- British quad poster
- Directed by: Montgomery Tully
- Screenplay by: Sid Colin Jack Davies
- Produced by: Anthony Hinds
- Starring: Bernard Bresslaw Michael Medwin Alfie Bass
- Cinematography: Lionel Banes
- Edited by: James Needs Alfred Cox
- Music by: Benjamin Frankel
- Production companies: Granada Productions Hammer Film Productions
- Distributed by: Columbia Pictures Corporation (UK)
- Release dates: 11 November 1958 (London, UK);
- Running time: 82 minutes
- Country: United Kingdom
- Language: English

= I Only Arsked! =

1958 British film by Montgomery Tully

I Only Arsked! is a 1958 British comedy film directed by Montgomery Tully and starring Bernard Bresslaw, Michael Medwin and Alfie Bass. The screenplay was by Sid Colin and Jack Davies based on the television series The Army Game (1957–1961).

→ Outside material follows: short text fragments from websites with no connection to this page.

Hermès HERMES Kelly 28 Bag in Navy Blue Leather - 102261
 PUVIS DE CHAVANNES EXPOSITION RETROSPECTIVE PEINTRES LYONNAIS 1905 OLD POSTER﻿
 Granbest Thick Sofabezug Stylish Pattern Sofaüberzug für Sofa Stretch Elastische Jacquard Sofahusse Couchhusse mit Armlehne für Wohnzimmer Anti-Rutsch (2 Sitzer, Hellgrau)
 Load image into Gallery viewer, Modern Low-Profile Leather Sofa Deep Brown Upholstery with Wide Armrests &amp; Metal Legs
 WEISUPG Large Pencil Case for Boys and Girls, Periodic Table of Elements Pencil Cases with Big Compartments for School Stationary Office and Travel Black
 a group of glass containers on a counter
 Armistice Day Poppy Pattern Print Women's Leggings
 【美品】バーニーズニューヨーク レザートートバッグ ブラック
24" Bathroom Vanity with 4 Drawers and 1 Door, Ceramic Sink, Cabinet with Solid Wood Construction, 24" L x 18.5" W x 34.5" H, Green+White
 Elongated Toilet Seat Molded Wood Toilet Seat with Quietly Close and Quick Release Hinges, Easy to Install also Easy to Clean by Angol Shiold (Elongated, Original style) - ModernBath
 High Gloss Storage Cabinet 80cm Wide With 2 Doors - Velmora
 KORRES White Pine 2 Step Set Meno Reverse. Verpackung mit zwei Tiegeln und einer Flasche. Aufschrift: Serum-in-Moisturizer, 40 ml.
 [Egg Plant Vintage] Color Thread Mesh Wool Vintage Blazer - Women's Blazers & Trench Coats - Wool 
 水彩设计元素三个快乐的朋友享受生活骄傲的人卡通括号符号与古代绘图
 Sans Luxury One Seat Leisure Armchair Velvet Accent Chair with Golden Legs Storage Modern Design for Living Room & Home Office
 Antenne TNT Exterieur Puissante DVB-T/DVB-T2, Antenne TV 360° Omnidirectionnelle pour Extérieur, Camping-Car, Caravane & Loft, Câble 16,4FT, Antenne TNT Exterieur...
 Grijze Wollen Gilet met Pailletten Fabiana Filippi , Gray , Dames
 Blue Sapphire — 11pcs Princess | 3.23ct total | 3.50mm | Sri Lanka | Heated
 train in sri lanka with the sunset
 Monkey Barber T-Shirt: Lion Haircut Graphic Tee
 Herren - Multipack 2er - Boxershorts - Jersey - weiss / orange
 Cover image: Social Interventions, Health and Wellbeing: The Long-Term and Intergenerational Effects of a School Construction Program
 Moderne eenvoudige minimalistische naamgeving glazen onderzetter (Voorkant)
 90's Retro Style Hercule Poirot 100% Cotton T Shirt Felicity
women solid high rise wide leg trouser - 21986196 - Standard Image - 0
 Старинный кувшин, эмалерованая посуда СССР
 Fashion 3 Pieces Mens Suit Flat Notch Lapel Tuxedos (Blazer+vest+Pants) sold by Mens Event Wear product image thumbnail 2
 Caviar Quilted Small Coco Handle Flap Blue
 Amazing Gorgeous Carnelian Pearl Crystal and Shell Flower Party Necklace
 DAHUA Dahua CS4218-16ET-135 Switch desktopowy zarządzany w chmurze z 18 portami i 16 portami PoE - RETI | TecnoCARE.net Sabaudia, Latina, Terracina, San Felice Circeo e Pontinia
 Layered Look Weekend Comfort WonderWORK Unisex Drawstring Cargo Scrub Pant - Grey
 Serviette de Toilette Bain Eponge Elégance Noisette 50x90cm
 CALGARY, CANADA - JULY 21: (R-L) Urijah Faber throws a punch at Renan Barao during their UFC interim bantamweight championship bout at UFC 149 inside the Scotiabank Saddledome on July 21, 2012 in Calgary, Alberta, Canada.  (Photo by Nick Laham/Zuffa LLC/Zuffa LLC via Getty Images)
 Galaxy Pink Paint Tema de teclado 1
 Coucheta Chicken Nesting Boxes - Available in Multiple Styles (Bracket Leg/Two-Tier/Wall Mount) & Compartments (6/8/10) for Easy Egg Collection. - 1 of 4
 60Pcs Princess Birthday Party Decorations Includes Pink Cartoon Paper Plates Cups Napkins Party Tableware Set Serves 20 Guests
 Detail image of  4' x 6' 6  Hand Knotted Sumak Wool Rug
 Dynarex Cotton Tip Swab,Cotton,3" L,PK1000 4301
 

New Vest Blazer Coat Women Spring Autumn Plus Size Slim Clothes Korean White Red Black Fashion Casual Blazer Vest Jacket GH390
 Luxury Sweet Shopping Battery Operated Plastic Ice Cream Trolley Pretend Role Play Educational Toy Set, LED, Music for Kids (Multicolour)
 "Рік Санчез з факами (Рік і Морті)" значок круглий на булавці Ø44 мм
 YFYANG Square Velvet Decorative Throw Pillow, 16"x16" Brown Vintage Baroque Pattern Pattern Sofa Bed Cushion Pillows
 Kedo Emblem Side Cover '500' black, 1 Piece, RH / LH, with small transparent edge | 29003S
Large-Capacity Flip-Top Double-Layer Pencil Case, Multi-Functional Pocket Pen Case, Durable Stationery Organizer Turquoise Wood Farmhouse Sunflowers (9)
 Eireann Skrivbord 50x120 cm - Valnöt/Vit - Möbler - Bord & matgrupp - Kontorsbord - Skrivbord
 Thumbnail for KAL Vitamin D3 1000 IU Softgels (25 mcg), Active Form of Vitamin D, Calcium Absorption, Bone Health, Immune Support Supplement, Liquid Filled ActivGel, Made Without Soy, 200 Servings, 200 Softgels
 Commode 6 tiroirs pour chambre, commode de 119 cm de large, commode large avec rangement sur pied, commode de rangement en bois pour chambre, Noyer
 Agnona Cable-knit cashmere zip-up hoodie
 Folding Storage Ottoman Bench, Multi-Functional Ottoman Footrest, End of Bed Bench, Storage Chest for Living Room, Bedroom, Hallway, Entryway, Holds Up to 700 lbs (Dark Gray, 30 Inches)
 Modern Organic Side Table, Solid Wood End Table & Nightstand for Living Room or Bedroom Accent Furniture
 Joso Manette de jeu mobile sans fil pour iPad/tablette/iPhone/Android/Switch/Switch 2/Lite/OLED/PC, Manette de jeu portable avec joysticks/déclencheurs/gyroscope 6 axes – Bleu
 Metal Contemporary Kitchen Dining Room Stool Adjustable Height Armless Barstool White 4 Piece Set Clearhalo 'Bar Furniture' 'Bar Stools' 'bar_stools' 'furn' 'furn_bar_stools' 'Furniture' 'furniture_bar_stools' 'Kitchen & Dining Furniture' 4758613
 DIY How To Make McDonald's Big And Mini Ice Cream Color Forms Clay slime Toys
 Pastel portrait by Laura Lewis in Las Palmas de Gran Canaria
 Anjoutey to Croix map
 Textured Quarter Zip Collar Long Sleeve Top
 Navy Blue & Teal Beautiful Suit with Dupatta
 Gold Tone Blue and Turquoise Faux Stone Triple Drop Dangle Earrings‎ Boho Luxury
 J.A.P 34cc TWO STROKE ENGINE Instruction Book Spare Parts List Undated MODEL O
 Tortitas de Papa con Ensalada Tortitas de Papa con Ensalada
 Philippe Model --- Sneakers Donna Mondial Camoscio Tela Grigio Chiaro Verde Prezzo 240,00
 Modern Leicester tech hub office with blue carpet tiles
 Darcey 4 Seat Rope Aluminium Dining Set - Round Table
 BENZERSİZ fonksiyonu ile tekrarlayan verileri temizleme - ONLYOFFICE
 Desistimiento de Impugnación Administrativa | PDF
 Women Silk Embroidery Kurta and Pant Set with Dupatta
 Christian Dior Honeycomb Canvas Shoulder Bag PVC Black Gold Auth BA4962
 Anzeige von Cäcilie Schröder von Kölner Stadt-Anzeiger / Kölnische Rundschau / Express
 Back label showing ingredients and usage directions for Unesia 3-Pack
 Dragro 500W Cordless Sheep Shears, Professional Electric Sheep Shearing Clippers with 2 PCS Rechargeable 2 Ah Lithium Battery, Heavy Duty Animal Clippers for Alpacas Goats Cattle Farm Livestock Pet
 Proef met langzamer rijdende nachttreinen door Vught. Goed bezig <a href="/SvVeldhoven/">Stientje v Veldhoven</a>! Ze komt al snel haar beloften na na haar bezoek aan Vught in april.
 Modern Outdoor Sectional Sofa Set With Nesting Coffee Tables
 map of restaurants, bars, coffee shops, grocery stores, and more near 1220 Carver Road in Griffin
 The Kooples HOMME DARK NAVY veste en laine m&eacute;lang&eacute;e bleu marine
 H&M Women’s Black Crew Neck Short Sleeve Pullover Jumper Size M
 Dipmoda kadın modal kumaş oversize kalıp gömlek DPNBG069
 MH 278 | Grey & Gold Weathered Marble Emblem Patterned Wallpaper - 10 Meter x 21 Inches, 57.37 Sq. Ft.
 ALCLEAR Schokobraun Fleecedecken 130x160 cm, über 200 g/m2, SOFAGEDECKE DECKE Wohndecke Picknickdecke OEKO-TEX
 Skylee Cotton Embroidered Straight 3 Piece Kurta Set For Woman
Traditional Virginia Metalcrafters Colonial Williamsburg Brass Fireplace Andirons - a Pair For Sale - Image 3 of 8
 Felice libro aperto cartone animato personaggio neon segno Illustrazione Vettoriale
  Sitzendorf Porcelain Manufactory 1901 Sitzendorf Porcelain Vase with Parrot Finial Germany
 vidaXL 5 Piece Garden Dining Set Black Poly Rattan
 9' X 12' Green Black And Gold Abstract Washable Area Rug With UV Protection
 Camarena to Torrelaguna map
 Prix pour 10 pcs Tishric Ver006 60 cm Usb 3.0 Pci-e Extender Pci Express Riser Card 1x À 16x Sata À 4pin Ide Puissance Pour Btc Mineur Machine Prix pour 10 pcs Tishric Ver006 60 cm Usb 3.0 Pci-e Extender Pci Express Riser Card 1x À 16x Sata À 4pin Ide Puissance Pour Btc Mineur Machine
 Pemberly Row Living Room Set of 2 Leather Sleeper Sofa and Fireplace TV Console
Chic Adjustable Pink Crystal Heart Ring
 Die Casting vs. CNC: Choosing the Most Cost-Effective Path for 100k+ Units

It was made by Hammer Films.

==Plot==
Slapstick ensues when inept army recruits are transferred to a post in the Middle East.

==Cast==

- Bernard Bresslaw as Private "Popeye" Popplewell
- Michael Medwin as Corporal Springer
- Alfie Bass as Private "Excused Boots" Bisley
- Geoffrey Sumner as Major Upshott-Bagley
- Charles Hawtrey as Private "Professor" Hatchett
- Norman Rossington as Private "Cupcake" Cook
- David Lodge as Sergeant "Potty" Chambers
- Arthur Howard as Sir Redvers
- Marne Maitland as King Fazim
- Michael Bentine as Fred
- Francis Matthews as Mahmoud
- Michael Ripper as Azim
- Wolfe Morris as Salaman
- Ewan MacDuff as Ferrers
- Basil Dignam as General Bender
- Martin Boddey as Colonel Danvers
- Claire Gordon as harem girl
- Marie Devereux as harem girl

== Reception ==

=== Box office ===
According to Kinematograph Weekly the film performed "better than average" at the British box office in 1959. Variety also said the film was one of the most popular of the year in Britain.

=== Critical ===
The Monthly Film Bulletin wrote: "Two acid take-offs of memorable scenes in Bridge on the River Kwai and a few moments of communal insanity from the five practised actors who take the brunt of the action are the highlights of this modest and relaxed army lark. There is no departure here from the tradition of service farces, except that some, at least, of its humour is composed of private jokes inherited from the TV programme from which the idea was taken."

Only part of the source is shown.